Filed Under:  Civil Rights, Local, News

N.O. holds rally protesting police brutality

21st August 2014   ·   0 Comments

New Orleans protesters march into 8th District police station

By Michael Patrick Welch
Contributing Writer

Lafayette Square Park was tightly roped off when a couple hundred protestors gathered there last Thursday night to express their outrage with out-of-control police violence in Ferguson, Mo., New Orleans, and beyond.

Amid cries of “Justice for Mike Brown!” head speaker, Dillard University student Chanelle Batiste stood at the base of the park’s statue and held forth on police brutality cases, including the recent New Orleans incident where a routine traffic stop ended in an officer shooting a civilian in the head. The offending officer and the police department then failed to report the violence, and in fact, seemed to be covering it up—until the media reported it.

The crowd remained silent for a full 15 minutes while Chanelle Batiste discussed at length how the crowd would proceed with the officially scheduled moment of silence. With heat in the 90s and the sun still bright at 6:30 p.m., candles were passed out and lit among the crowd, who were asked to then raise their hands in the prone “Hands up! Don’t shoot!” position that has become the symbolic meme of the struggle in Ferguson.
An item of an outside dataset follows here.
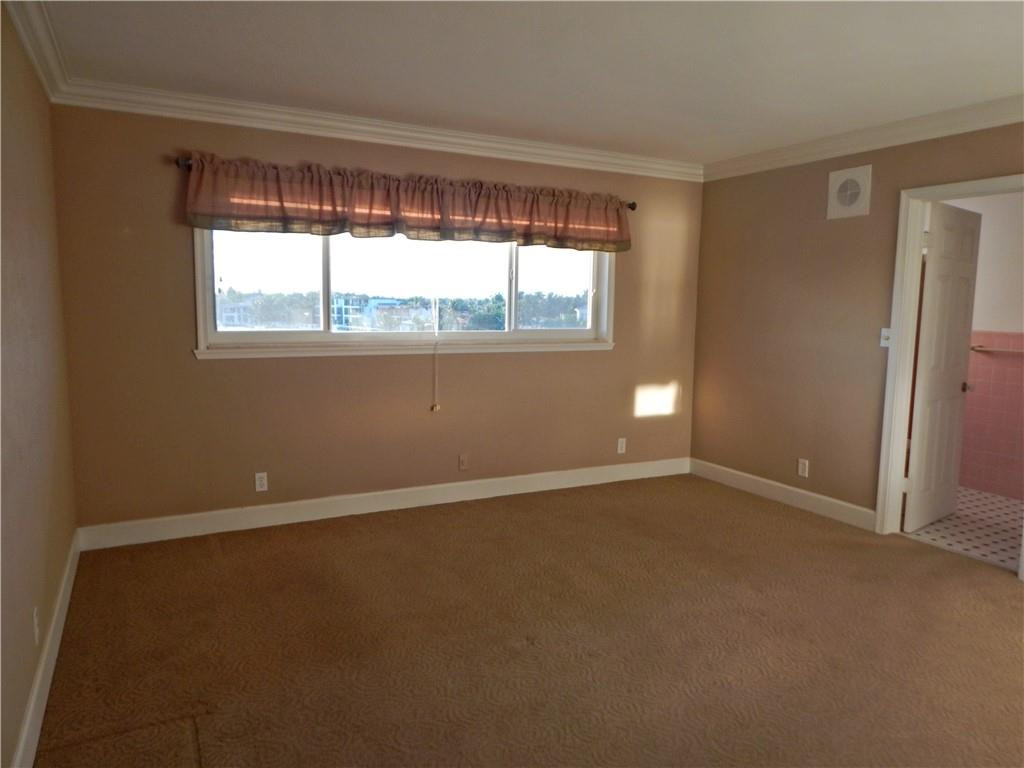 1201 South Riverside Drive, Unit PHB Pompano Beach, FL 33062 - Photo 17 of 33 a view of an empty room with a window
“Every 28 hours a [person of color] loses their life to police brutality,” Batiste reminded the crowd. As the moment of silence began, she continued, “This is for everyone who has lost their life to police brutality: Wendell Allen, Henry Glover, Oscar Grant, Sean Bell…”
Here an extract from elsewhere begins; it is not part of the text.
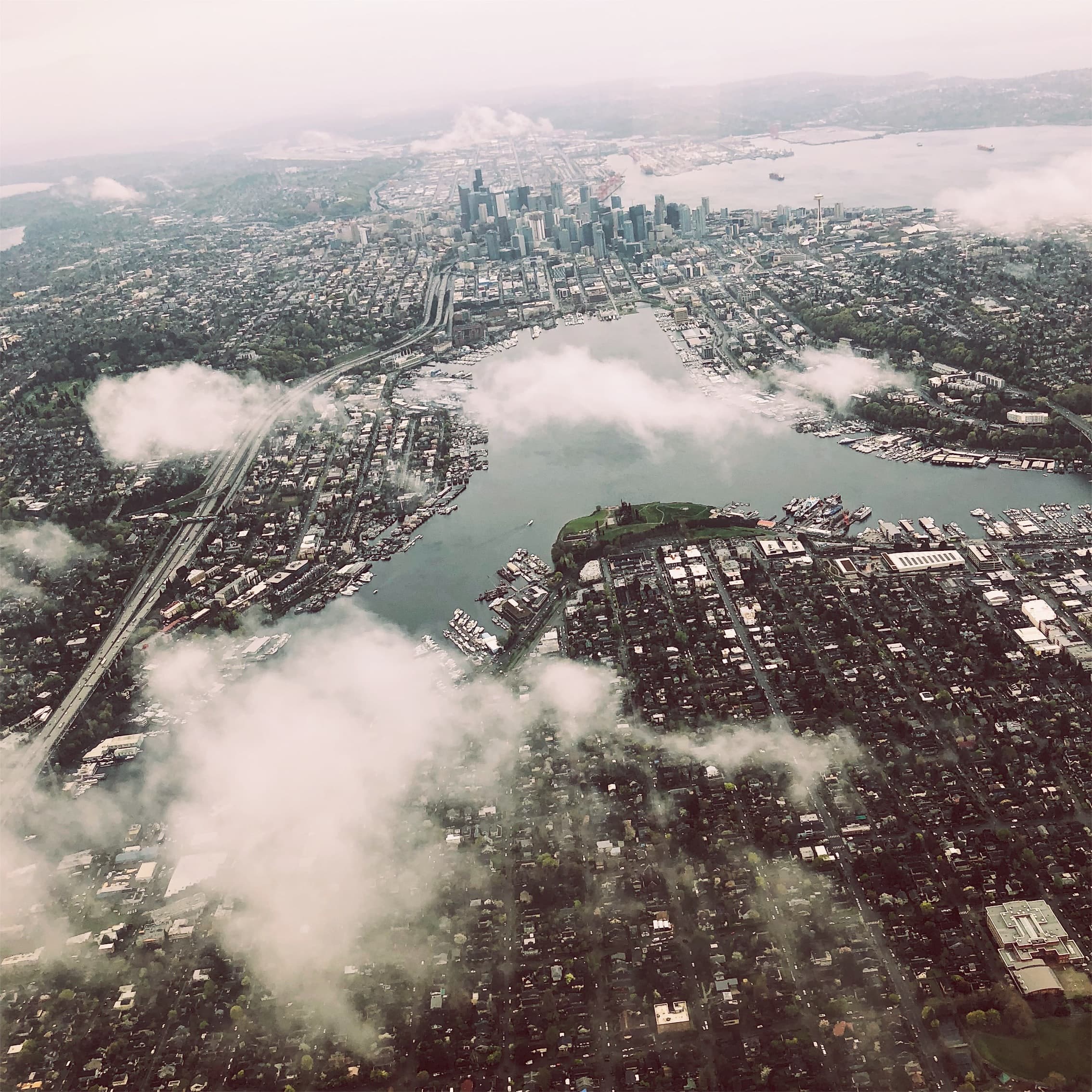 Aerial view of a city with a waterfront and cloudy sky. Aerial view of a city with a waterfront and cloudy sky.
Batiste told the crowd to keep up with the hashtag #NMOS14 for more information on further rallies.

As the crowd dissipated in all directions, City Councilman Jason Williams showed up to meet and comfort a crying attendee. It was then that protestor Herman Hubbard climbed up the statue and bellowed a voice of dissent at the peaceful protest: “We do not need appeasement from these Black politicians! All that ‘we shall overcome’ sh-t is dead! You gotta be violent with those who are violent with you!”

Forty-two-year-old Shedrick Roy disagreed: “That guy is just taking away from this message. We don’t need that. This was a beautiful event. This group of ladies got people motivated. All it takes is one person to spark a movement.”
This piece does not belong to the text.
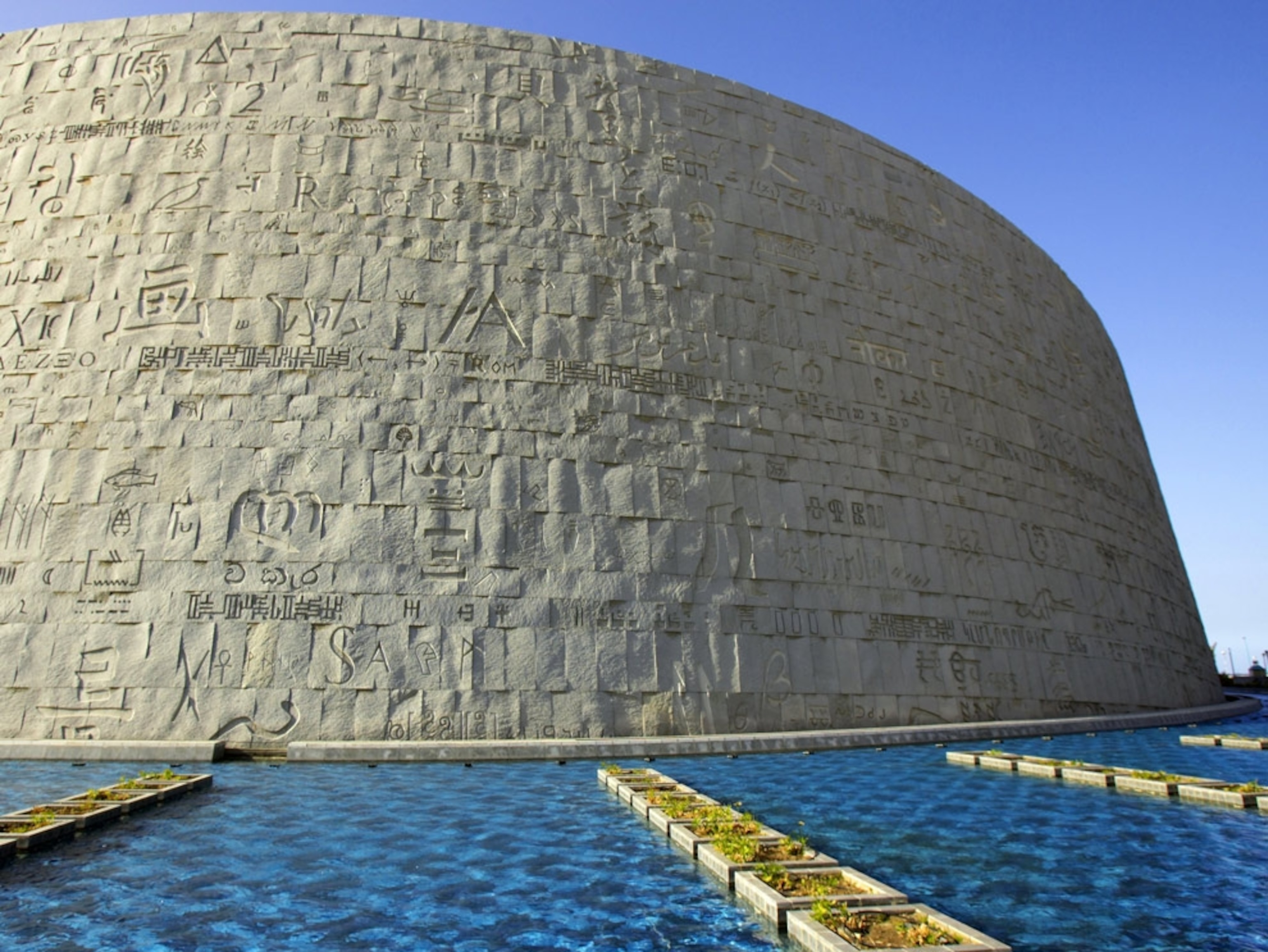 A wall with hieroglyphs surrounded by water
Roy added, “It’s very sad what’s happening in Ferguson, but we need some attention here also.” Roy plugged his own “Man-Up March” scheduled for October 25 at 10 a.m. at Congo Square in Armstrong Park. “That will be specifically for African-American males. We understand that to make things better – even to stop some of the police brutality – we shouldn’t put ourselves in certain predicaments. It’s an economic problem for sure, but it’s also a problem with self-love or the lack thereof.”

Nicole Porche carried a two-by-four decorated with roses and photos of Mike Brown and Trayvon Martin. “I think just the silent vigil gave people a moment to reflect on the situation at hand,” said Porche. “For me personally it’s bigger than just the moment. I am the mother of a 22-year-old son.” As her eyes welled with tears she said, “You have to stand for something or you fall for anything. They think they are above the law. They are making their own rules.”

Like many others at the rally, Porche stressed that this is “not a Black or white issue” – despite that Black folks are faced with police brutality much more frequently than white folks.

As captured by local filmmaker David Bear, some members of the crowd then marched through the streets chanting while lighting smoke bombs. The crowd then marched to Jackson Square, where Mike Brown’s cousin Emily Ewings from New Orleans spoke, telling the crowd, “Ladies and gentlemen I am tired! I am tired of my brothers and sisters laying dead in the street! And I don’t want you all to be distracted by the media saying, ‘Mike was about to go to school, Mike was a good guy,’ because this could happen to anyone! This could happen to you!”

The protesters then marched directly into the 8th District Police Department, hands raised above their heads.